A business rules architecture is therefore unsurpassed for what is often called incremental design. What's being designed or captured, however, is real business know-how, not just better GUIs or dialogs. The Manifesto says it this way: "An effective system can be based on a small number of rules. Additional, more discriminating rules can be subsequently added, so that over time the system becomes smarter." That's exactly what you need for knowledge retention, as well as to move pragmatically toward the knowledge economy.

Smarter and Smarter Workers

What I have to say next might surprise you. So far we've been talking about business systems from an architectural point of view; now let's talk about them from a service point of view. As we think about today's business challenges, what role should business systems play?

First let's talk about some people-challenges facing your business.

Time shock. As the rate of change accelerates, workers are constantly thrust into new roles and responsibilities. They must be guided through unfamiliar procedures or business know-how as thoroughly and as efficiently as possible. The business pays a price, either directly or indirectly, if getting the workers up to speed is too slow (or too painful). Time shock is like culture shock - very disorienting if you're not prepared for rapid immersion.

Training. The flip side of time shock is training - how to get workers up to speed. Training is expensive and time-consuming. Yet as the rate of change accelerates, more and more (re)training is required. Where do you turn for solutions?

A foremost cause of time shock for business workers is rapid change in the rules. At any given time, workers might be found at virtually any stage of time shock. Sometimes, you might find them completely up-to-speed, other times completely lost. Most of the time, they are probably somewhere in between. That poses a big challenge with respect to training.

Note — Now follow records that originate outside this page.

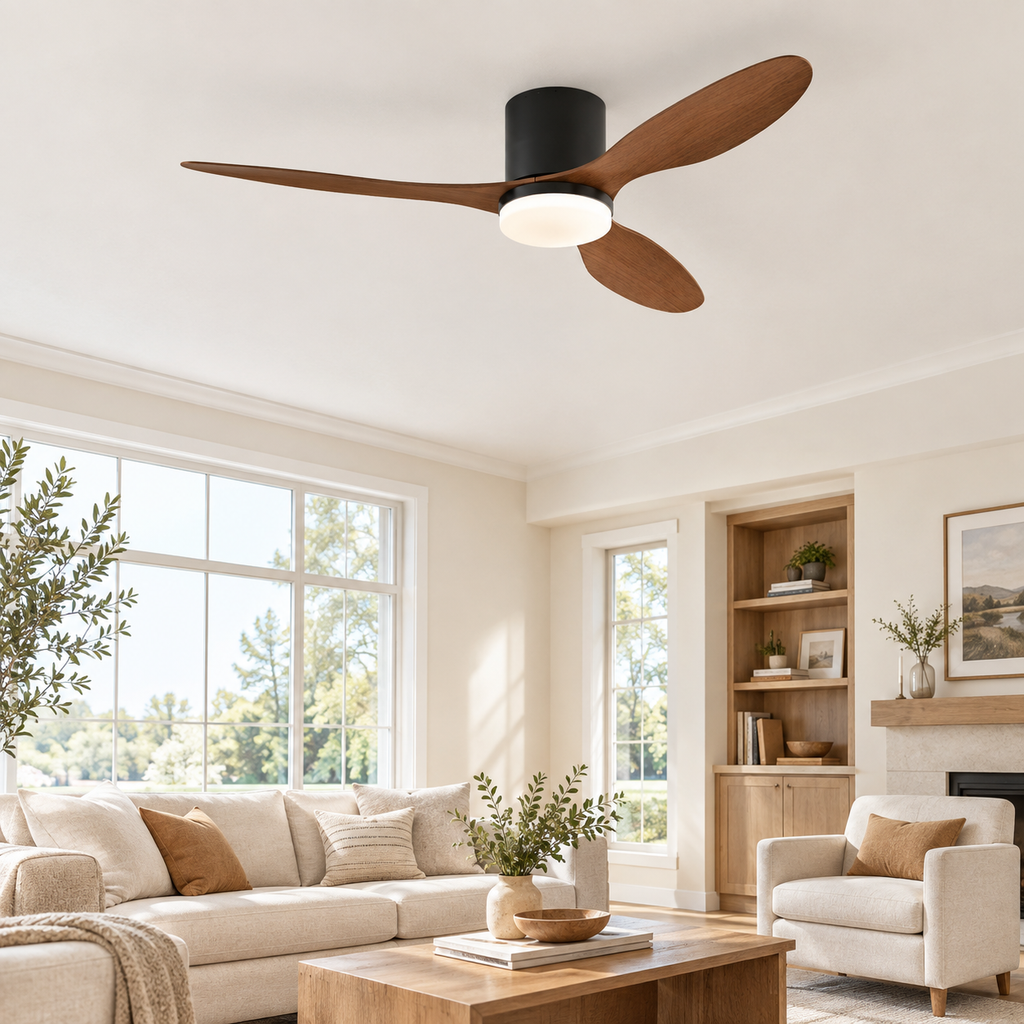 25/42/52Inch Ultra-Thin DC Ceiling Fan with Remote - 6-Speed Silent 3 Blades, Ideal for Low Ceilings & Minim Spaces Energy - Salon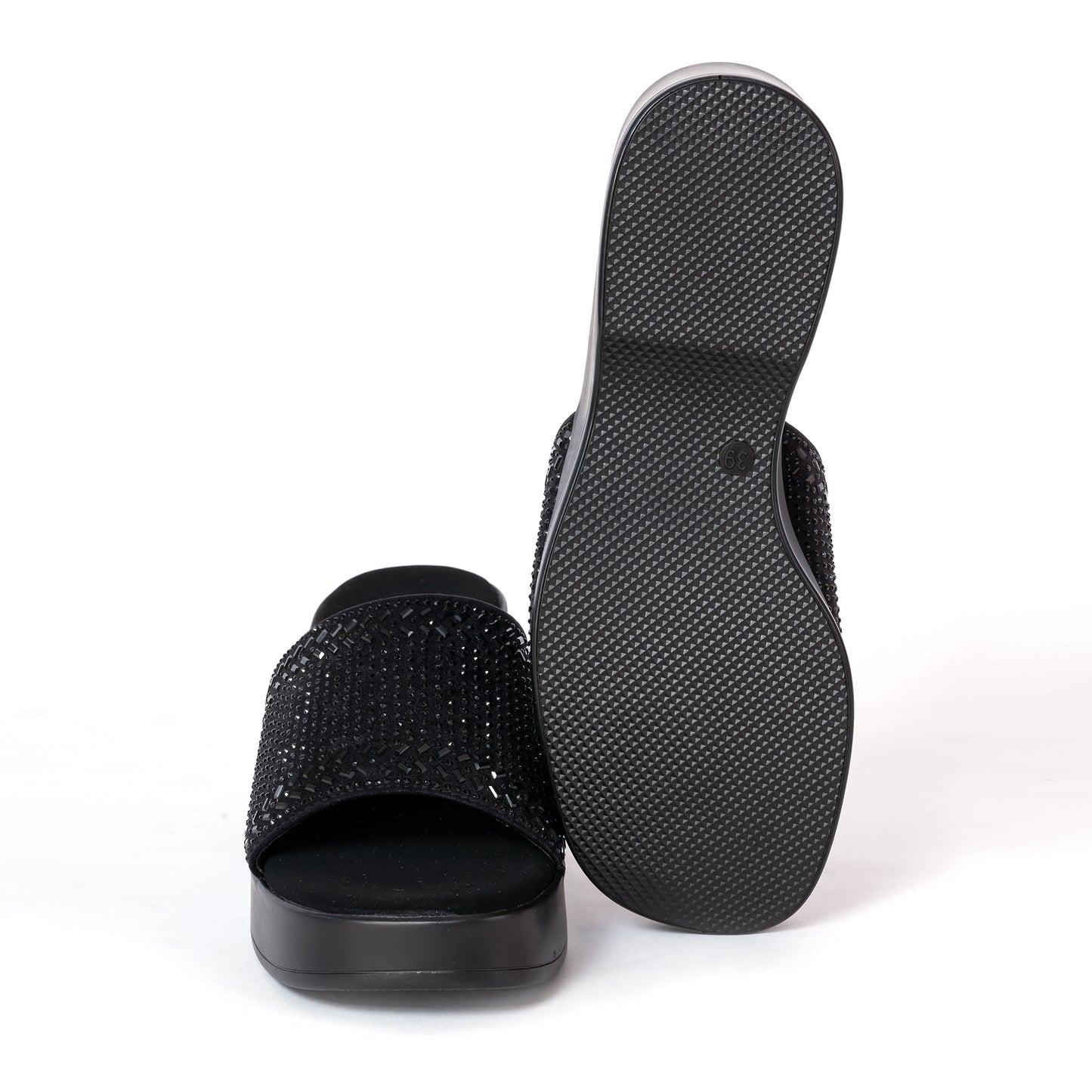 Party WEDGES Slip Ons BLACK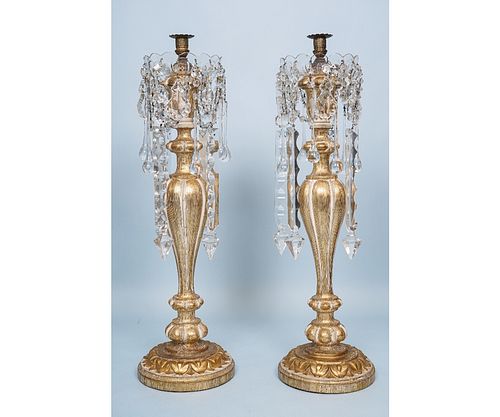 PAIR ITALIAN GILTWOOD &AMP; CRYSTAL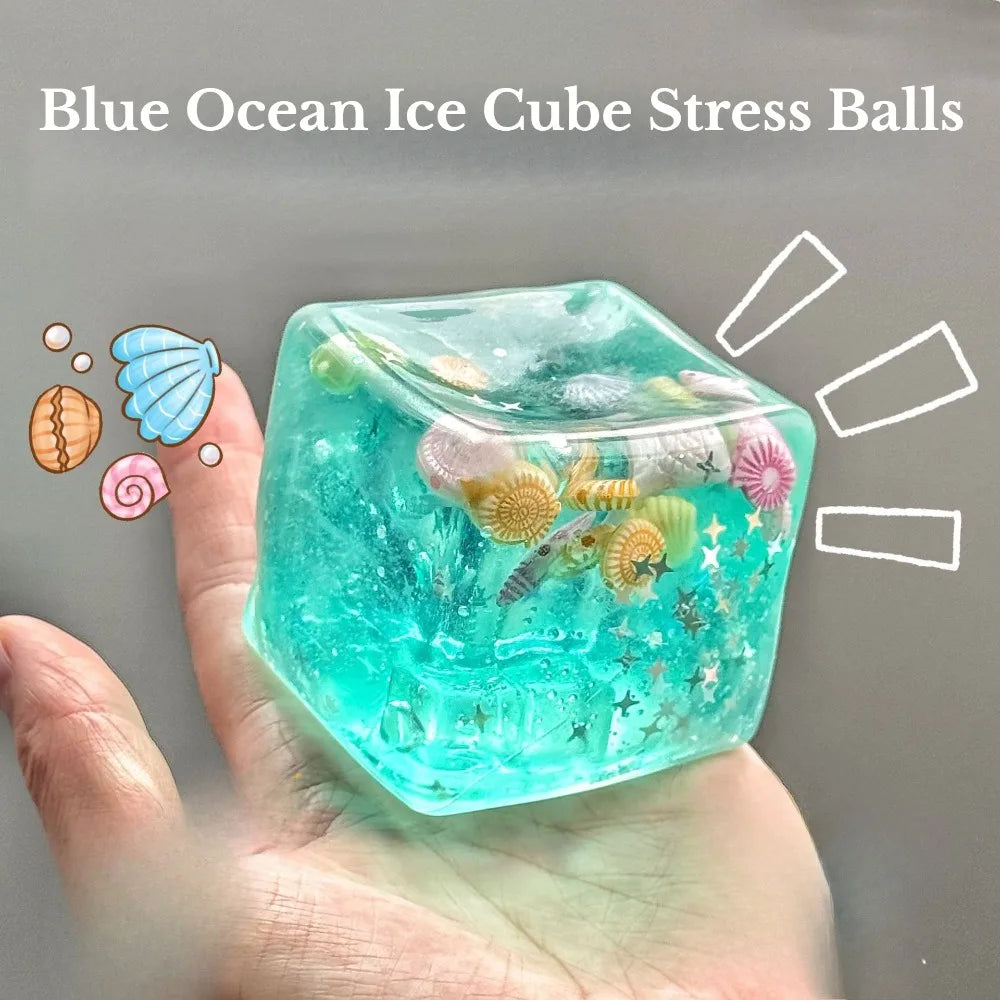 Taba Squishy Stress Balls Cube - Ocean Sensory Fidget Toy Slow Rise Squishy Toys for Adults Squeeze Relax Gift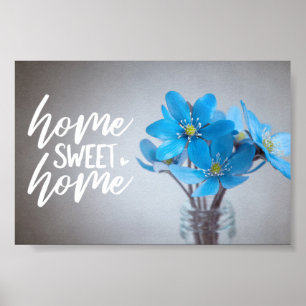 Poster Blue Floral Home Sweet Home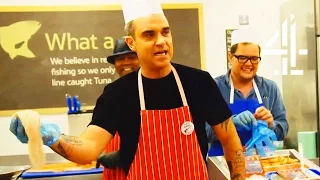 Robbie Williams Becomes A Supermarket Fishmonger | Alan Carr's Happy Hour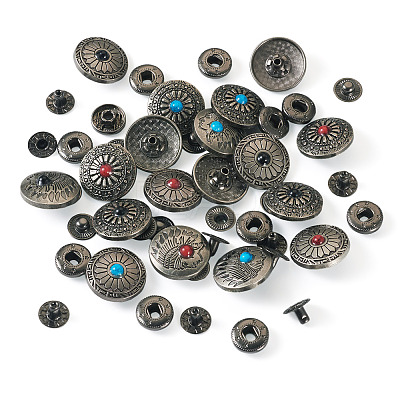18Sets 9 Styles Brass Snap Buttons FIND-SW0001-33-1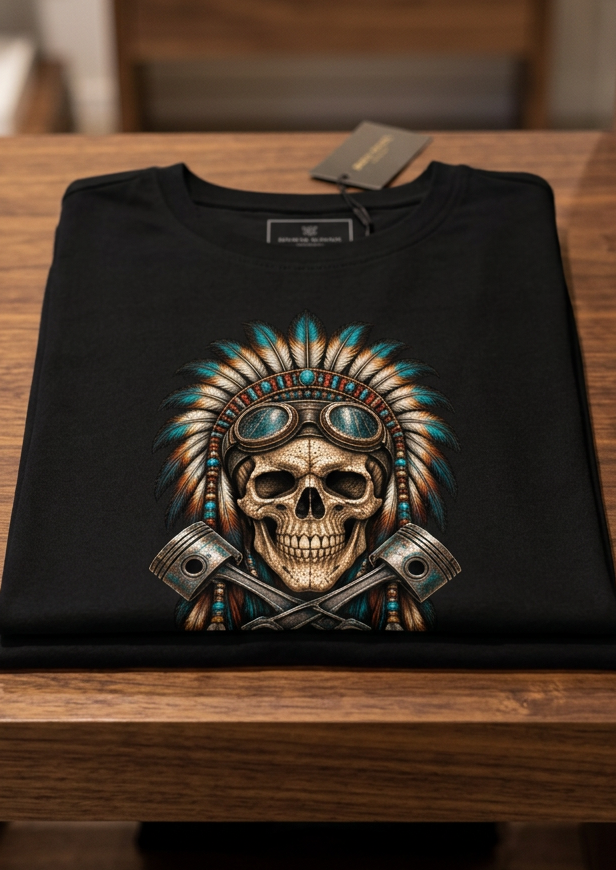 Front of the black Native Detroit men's tank top with the mechanical headdress skull graphic, laid flat on a wooden table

The only approach to training that will truly scale is on-the-job self-training. That requires smart processes, ones coordinated with rules so that pinpoint know-how can be put right in front of actors in real time as the need arises - that is, right at the points of knowledge.

Where do you find these points of knowledge? You find them at the fault lines, at the points in processes where business rules need to be evaluated in real time.

What guidance message should be returned to a user when a fault is detected? As earlier, the message should succinctly express a business rule. What that means, in effect, is that the relevant portion of the company's know-how is 'read' to the actor on-line, right as the actor bumps up against the rules.

So the big idea here is simply that business systems must become knowledge companions for the business actors of the knowledge economy. After all, isn't making people smarter the whole point of knowledge?!

Footnotes:
1. Portions of this material is extracted from Business Rule Concepts (3rd edition), chapter 10, 3rd quarter, 2009.